The Center for American Progress has outlined a set of spending initiatives, totaling $350 billion for one year, as a starting point for stimulus and recovery. It recommends:

  • $55 billion to spur demand by aiding those most in need through the expansion of unemployment insurance, COBRA support, food stamp benefits, the Emergency Food Assistance Program, and other similar programs.
  • $70 billion for states and localities to help them deal with the fiscal consequences of the economic downturn, avoiding layoffs and cuts in education and health spending that would come at the worst possible time for the economy. The aid described comes in the form of greater federal assistance for Medicaid, General Block Grants, and Community Development Block Grants.
  • $50 billion for stimulus tax credits to put money in the hands of those who need it most and help it to circulate throughout the economy the quickest.
  • $75 billion for recovery through infrastructure development and investment, including money for ready-to-go highway projects, repairs for schools, and necessary improvements for our aviation infrastructure.
  • $8.0 billion for key investments in health-related information, technology, prevention, and care coordination.
  • $5.0 billion for enhancing our nation’s broadband infrastructure, which has fallen behind that of other nations.
  • $100 billion devoted to the creation of green jobs and putting our nation on a path toward a green recovery and green economy. Specific uses for this money would include a Weatherization Assistance Program, smart grid matching federal funds, money to retrofit buildings, and funds for advanced technology vehicle manufacturing and retooling. These programs would put the United States on a path to increase our energy independence, lessen our collective effect on the environment, become a green innovation and technology leader in the global economy, and spur the creation of good, high-skilled, 21st century jobs.
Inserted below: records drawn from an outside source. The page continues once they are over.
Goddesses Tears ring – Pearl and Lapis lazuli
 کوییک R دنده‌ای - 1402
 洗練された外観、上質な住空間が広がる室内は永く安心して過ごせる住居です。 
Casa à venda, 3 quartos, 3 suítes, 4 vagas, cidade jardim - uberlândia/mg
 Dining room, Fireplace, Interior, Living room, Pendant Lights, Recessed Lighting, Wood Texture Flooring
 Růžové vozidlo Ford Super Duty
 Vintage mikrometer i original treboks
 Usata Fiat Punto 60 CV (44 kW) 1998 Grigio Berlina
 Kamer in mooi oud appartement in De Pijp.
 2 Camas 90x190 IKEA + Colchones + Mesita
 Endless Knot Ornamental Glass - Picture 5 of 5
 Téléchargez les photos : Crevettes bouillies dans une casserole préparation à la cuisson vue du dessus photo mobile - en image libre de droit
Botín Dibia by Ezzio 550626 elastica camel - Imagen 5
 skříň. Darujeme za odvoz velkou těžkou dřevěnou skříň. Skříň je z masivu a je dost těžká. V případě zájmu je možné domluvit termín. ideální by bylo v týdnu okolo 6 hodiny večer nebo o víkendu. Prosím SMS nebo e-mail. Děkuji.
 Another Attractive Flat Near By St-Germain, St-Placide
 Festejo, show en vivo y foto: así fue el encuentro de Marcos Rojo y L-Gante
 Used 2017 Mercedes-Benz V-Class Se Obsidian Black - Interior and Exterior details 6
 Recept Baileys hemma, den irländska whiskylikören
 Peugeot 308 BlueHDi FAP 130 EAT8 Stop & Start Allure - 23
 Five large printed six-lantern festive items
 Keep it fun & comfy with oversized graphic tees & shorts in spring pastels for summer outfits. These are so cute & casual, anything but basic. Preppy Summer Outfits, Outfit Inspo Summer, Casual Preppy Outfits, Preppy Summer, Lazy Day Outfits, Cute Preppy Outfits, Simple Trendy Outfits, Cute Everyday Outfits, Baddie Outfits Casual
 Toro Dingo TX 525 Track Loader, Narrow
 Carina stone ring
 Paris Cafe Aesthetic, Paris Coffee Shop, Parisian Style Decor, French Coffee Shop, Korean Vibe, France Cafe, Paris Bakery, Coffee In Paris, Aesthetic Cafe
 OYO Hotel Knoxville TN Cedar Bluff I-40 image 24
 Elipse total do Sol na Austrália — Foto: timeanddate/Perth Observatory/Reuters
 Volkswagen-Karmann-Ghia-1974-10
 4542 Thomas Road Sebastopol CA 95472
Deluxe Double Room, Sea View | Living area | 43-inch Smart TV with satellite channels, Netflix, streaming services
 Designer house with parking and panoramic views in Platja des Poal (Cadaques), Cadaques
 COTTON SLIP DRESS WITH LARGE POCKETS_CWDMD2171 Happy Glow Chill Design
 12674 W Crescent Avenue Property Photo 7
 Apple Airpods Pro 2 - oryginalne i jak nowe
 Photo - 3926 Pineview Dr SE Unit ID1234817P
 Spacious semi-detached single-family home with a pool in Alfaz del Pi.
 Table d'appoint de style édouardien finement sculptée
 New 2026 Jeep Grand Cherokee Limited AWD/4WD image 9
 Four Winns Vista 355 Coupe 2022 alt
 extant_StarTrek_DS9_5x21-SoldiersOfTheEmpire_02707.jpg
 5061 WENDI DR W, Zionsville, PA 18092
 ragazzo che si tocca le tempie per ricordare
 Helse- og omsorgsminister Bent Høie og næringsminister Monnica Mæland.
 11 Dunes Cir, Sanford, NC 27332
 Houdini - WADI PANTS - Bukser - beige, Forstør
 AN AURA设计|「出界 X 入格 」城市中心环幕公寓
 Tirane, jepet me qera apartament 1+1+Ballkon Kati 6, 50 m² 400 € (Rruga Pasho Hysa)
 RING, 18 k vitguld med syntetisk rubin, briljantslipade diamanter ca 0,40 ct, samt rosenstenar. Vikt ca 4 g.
This $350 billion in expenditures and programs over the coming year would help those who are hurting now, and place the economy on a path for a stronger labor market recovery and overall economic recovery that will benefit more Americans.

The declines in the labor market and overall economy will likely not end in the near future, and it is important to reflect on the overall weakness of the labor market before the contraction began, which was a comparatively weak labor market with slow job growth, flat wages, and declining wages. Policymakers should make helping affected workers a high priority, as doing so goes hand-in-hand with helping restore businesses’ confidence and boosting their incentives to invest and hire again. Without this turn of events, the overall economy will likely continue to flounder. If we ignore this opportunity to focus on the creation of good jobs, with good wages and benefits, we would be ignoring the likely future pain that America’s families and eventually the economy at large would feel. Easing the hemorrhaging of jobs, ending the labor market recession, and putting the labor market on a part for a recovery with job growth above what was achieved during the previous business cycle will require significant effort. However, failing to put in the effort today will only set the United States up for a disappointing tomorrow.